So far -- in these preliminary steps -- natural sciences surely are not behind the study of languages as a means of accustoming the children to self-reasoning and self-inquiry. But where they are infinitely in advance, is in opening to our youths an immense field of new researches, of new inquiries. However limited the knowledge acquired in natural science -- provided only it be a serious knowledge -- young men, at every stage of their development, are enabled to make new inquiries, to collect new data, to discover, or to prepare the materials for the discovery of new valuable facts. Professor Partschat Breslau has already achieved with his students a most valuable work, certainly worth being published.2 But the same could be done everywhere, even in the best-explored countries, even with scholars far less advanced than Professor Partsch's students.
As to the sudden progress made by a young man or girl in their intellectual development, as soon as they have made their first independent inquiry -- Who has not observed it on some body, or on himself? The reasoning deepens with a striking rapidity; it becomes wider and surer -- and more cautious at the same time. I shall never forget the case of a young man of twenty, who had made, hammer and barometer in hand, his first independent geological inquiry. His elder brother, who closely watched his development, seeing his intellect suddenly taking a new strain, could not help exclaiming one day:-- 'How rapidly you are increasing in intelligence, even in a few months! You must have studied hard the German résumé of Mill's Logic which I gave you!' -- Yes, he had; but in the field, amid the complicated stratification of rocks.
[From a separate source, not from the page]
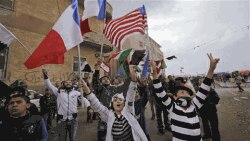 BMT Xavfsizlik Kengashi ijozatini olgach, Qo’shma Shtatlar, Britaniya va Fransiya shu yilning mart oyida havo hujumlarini boshlagan edi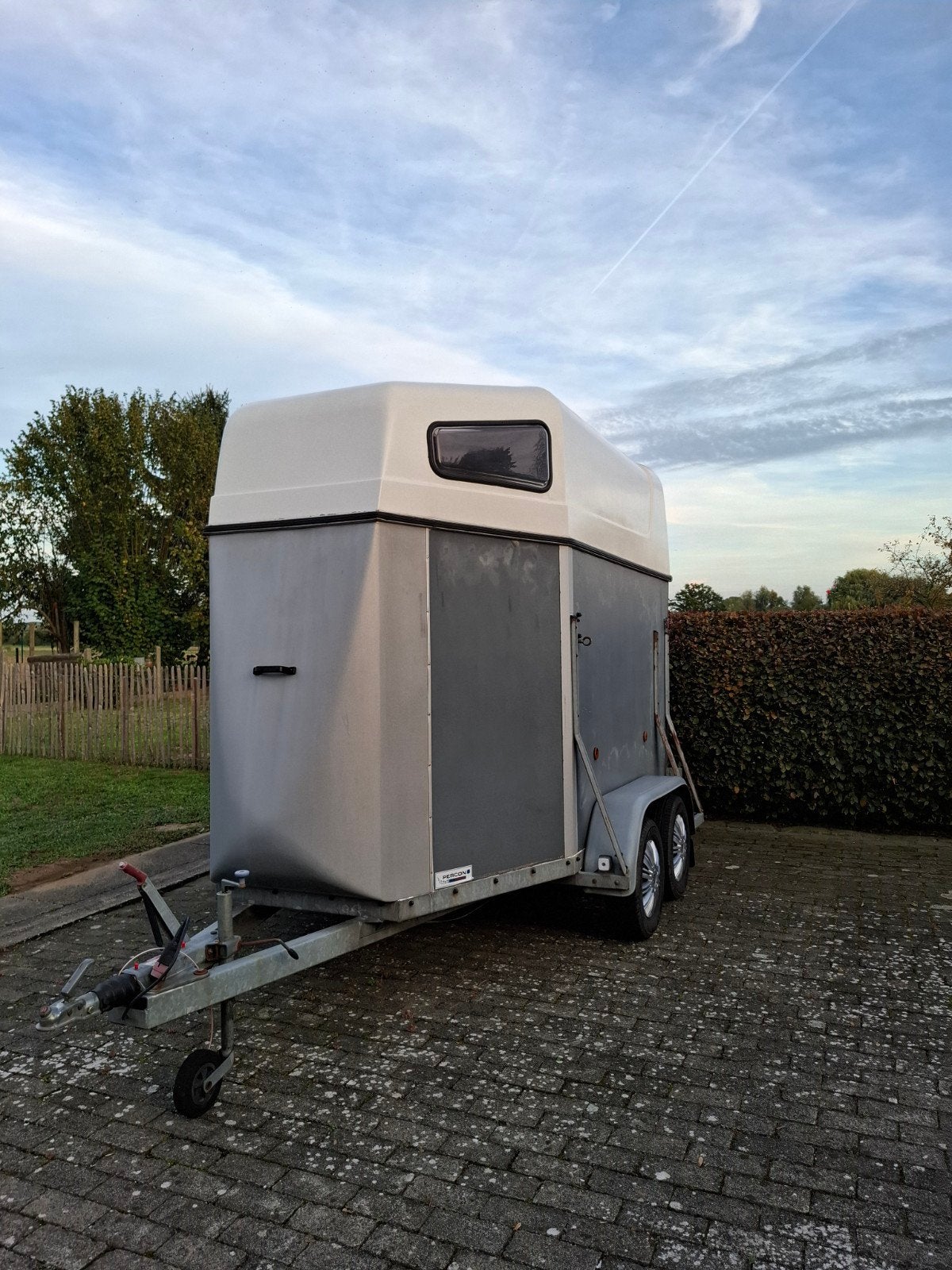 Paardentrailer Hotra, Dieren en Toebehoren, Ophalen, Gebruikt, Hout, 2-paards trailer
The second of the two above mentioned objections stands, however, untouched. The humanitarian character of the study of antiquity; its stimulating influence on the development of humanitarian feelings and of artistic taste (this last being a powerful means for the development of the former); its importance in making the scholars reason' about human societies and human relations -- all these, we are told, are not given by natural sciences. Of course, neither physics nor mineralogy touch these important factors of human development. But surely there is not a single naturalist who would ask the exclusion from the school of all sciences dealing with man, for the benefit of those which deal with the remainder of organic and inorganic matter. On the contrary, he would ask a far more important part to be given to the study of history and literature of all nationalities than they have had hitherto. He would require the extension of natural science to man and human societies. He would ask a fair place in education for a comparative description of all human inhabitants of the Earth. In such an education, geography would take its right place. Remaining a natural science, it would assume, together with history (history of art as well as of political institutions), the immense task of caring about the humanitarian side of our education -- as far as the school is able to forward it.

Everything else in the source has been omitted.